• TASK OBJECTIVE
Of the entries below, restate word for word only the section that runs from the line with "Lada (ВАЗ) Vesta" to the line with "Toner BROTHER TN3130 3,5K svart", counting both ends.

──────── TASK DATA

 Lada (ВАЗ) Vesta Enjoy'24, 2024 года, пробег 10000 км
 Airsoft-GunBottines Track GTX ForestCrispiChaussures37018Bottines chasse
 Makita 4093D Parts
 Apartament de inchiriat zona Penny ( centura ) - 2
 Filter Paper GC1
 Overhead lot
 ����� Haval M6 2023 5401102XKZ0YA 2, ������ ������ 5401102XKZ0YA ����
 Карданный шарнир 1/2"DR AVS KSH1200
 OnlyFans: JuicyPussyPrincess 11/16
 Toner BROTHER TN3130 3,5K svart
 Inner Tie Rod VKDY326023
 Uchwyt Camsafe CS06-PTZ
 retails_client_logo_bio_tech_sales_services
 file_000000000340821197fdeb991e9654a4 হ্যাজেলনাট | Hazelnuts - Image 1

────────────────
──────── TASK DATA

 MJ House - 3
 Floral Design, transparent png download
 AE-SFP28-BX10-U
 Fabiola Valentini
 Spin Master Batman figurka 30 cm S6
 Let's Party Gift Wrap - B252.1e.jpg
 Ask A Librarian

────────────────
──────── TASK DATA

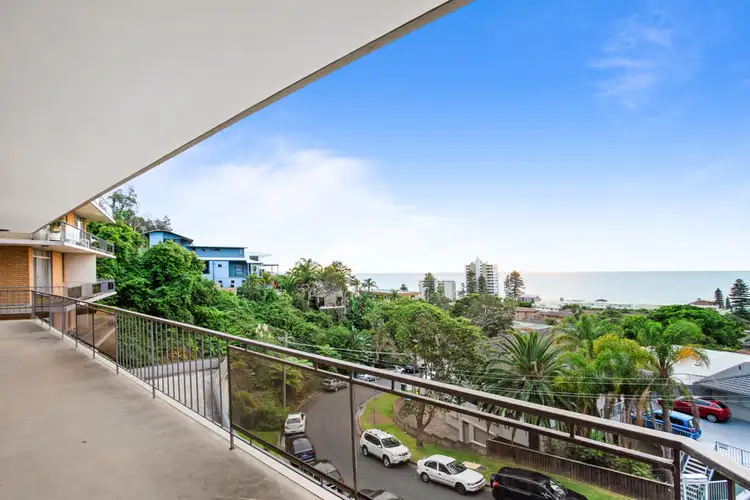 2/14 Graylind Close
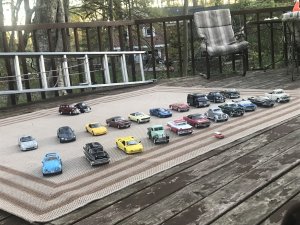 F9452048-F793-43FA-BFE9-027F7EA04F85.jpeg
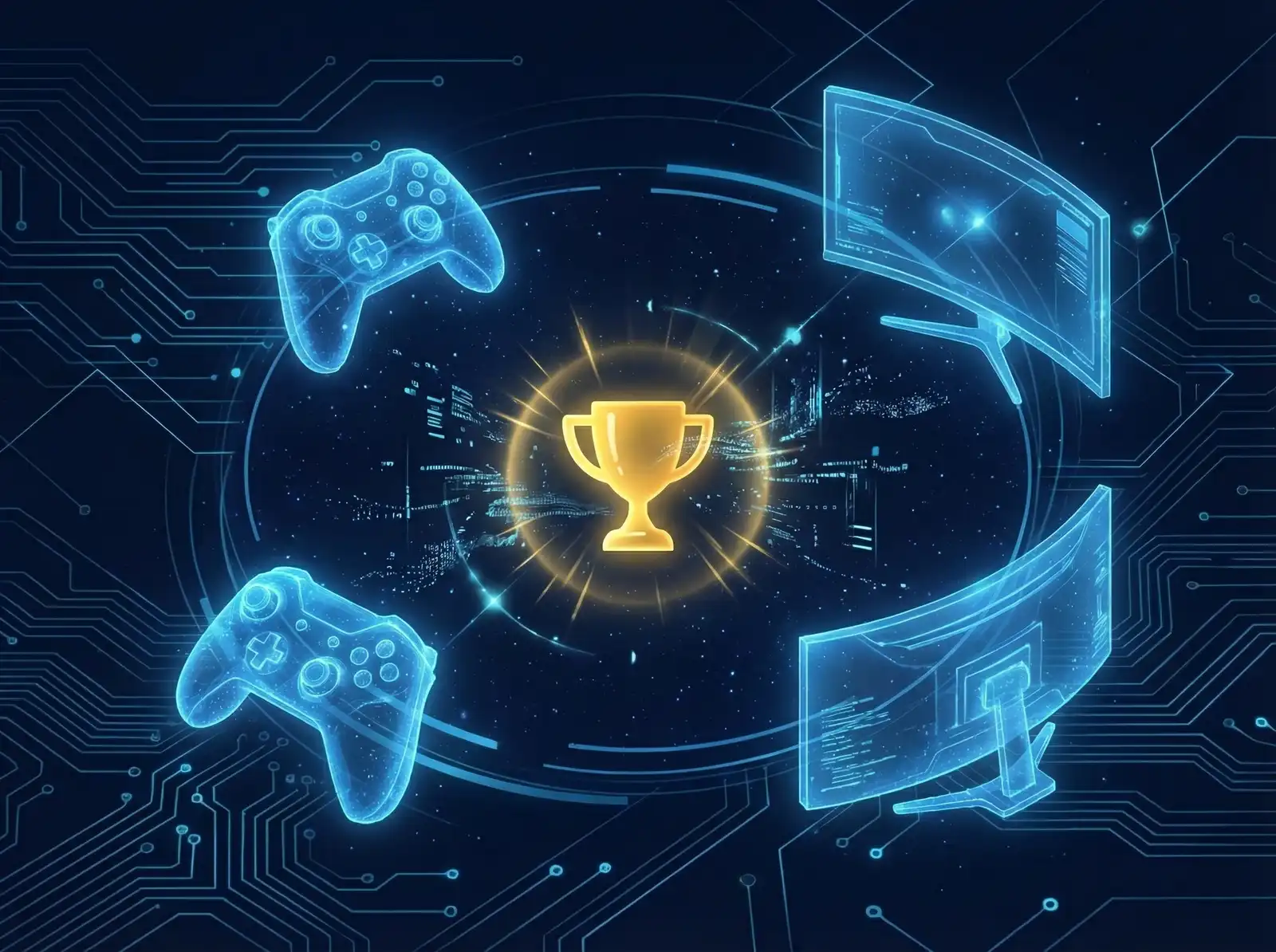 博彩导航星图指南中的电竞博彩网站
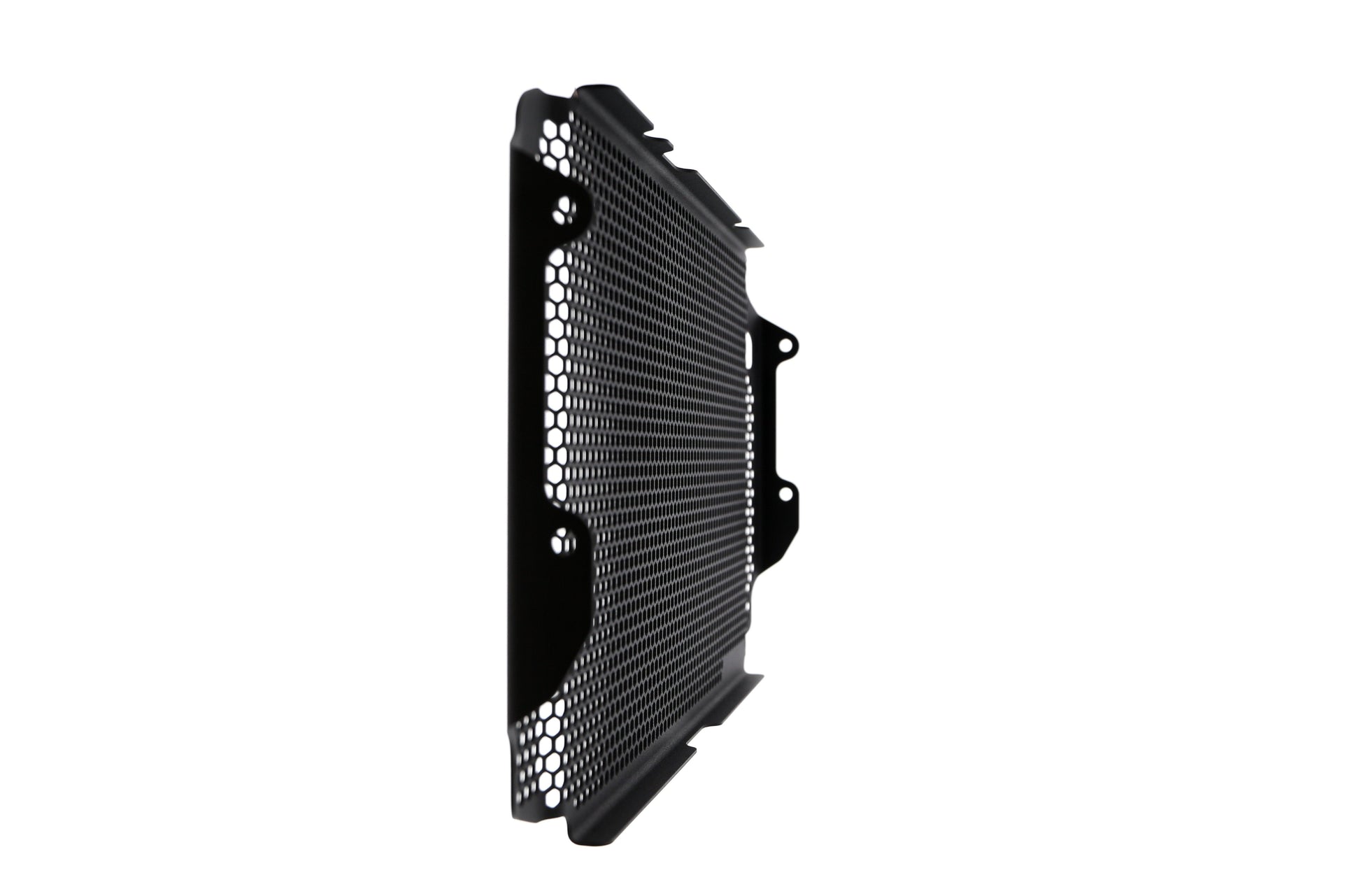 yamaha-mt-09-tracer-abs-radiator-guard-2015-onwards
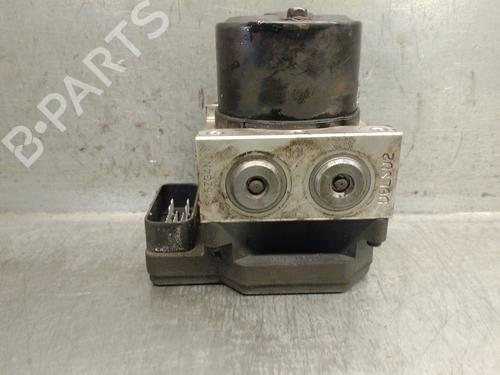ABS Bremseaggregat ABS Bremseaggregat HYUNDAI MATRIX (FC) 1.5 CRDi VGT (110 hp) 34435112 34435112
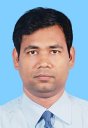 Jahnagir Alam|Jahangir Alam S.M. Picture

────────────────

• PROBLEM SOLUTION
 Lada (ВАЗ) Vesta Enjoy'24, 2024 года, пробег 10000 км
 Airsoft-GunBottines Track GTX ForestCrispiChaussures37018Bottines chasse
 Makita 4093D Parts
 Apartament de inchiriat zona Penny ( centura ) - 2
 Filter Paper GC1
 Overhead lot
 ����� Haval M6 2023 5401102XKZ0YA 2, ������ ������ 5401102XKZ0YA ����
 Карданный шарнир 1/2"DR AVS KSH1200
 OnlyFans: JuicyPussyPrincess 11/16
 Toner BROTHER TN3130 3,5K svart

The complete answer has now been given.